Hi,
Frank Peters wrote:
 >
 > The specific example I'm thinking of is the one of Figure 6 (p15).
For those of you who don't have the JSR at hand, this is:
Initially, x == y == 0
Thread 1:
r1 = x;
if (r1 == 1)
   y = 1;
Thread 2
r2 = y;
if (r2 == 1)
   x = 1;
 > Specifically, I can't see why it's illegal for me to put, say, the
 > thread 2 write (x = 1) in my first round of commits (C1), then put the
 > corresponding read (r1 = x) in C2, where it sees 0 and then sees the
 > value 1 in E3.
 >
 > In other words, how do the rules differentiate between the case where
 > the conditionals don't exist (and where I presume I would be allowed
 > to commit the writes early), and this case, where the conditionals do
 > exist.
 >
In order to commit writes early, those writes must occur in an execution 
whose reads only see writes that happen-before them.  In this case, the 
only writes that happen-before the reads are the writes of 0 to x and y. 
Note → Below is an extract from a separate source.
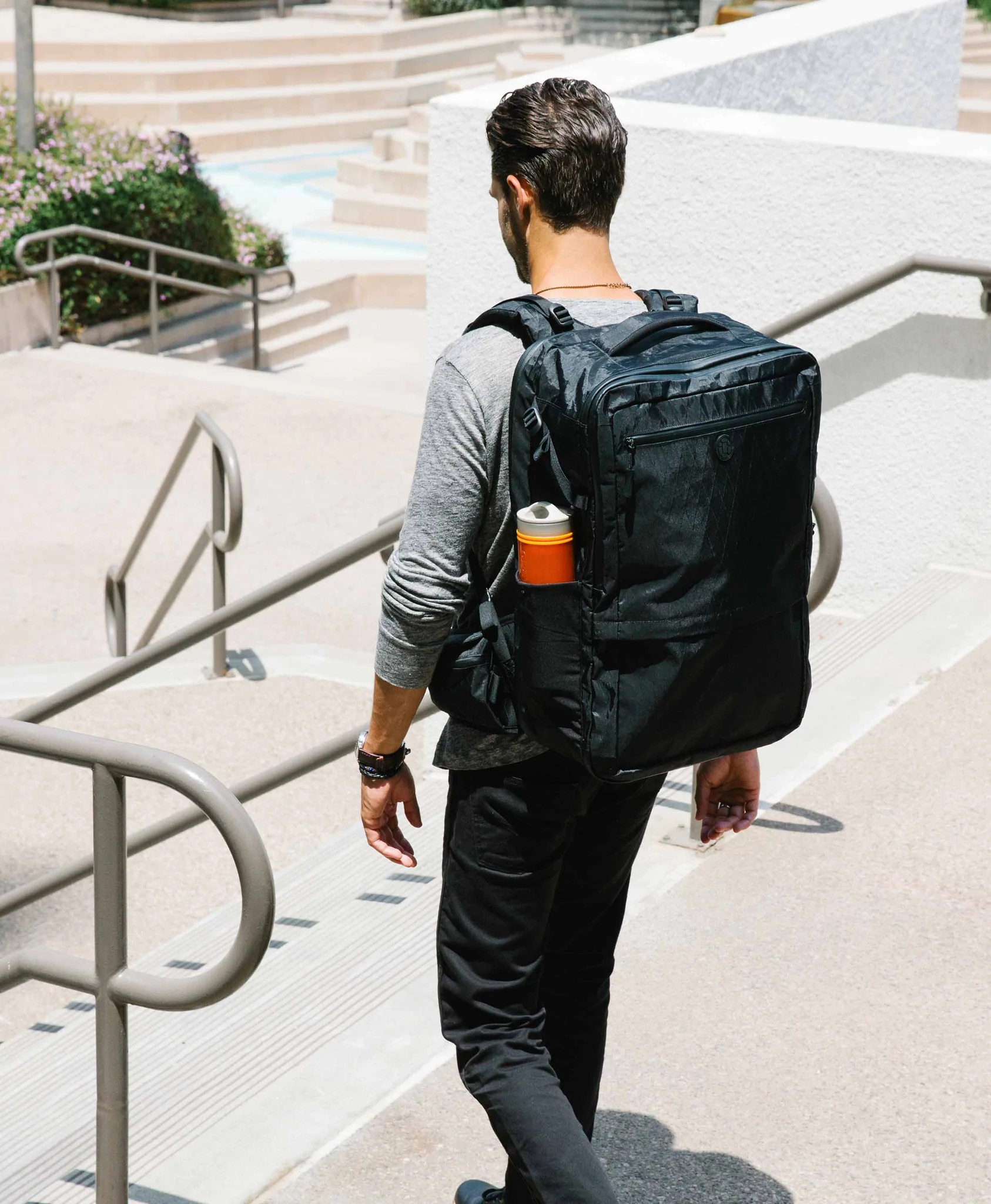 Digital Nomad Luggage: Best Luggage for Digital Nomads 6 Digital Nomad Luggage: Best Luggage for Digital Nomads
  The writes of 1 to x and y will not occur in such an execution, so 
they cannot be committed early.
This is a bit of an oversimplification, but it should be enough to 
jump-start your intuition.  It stems from Rule 4 of the formalism.
 > I'm sure it's glaringly obvious, so I hope it's no great trouble for
 > someone to enlighten me!
Don't worry - it isn't glaringly obvious!  This is fairly confusing 
stuff.  The last time I gave a talk on this, a very well-known computer 
scientist didn't understand this exact example.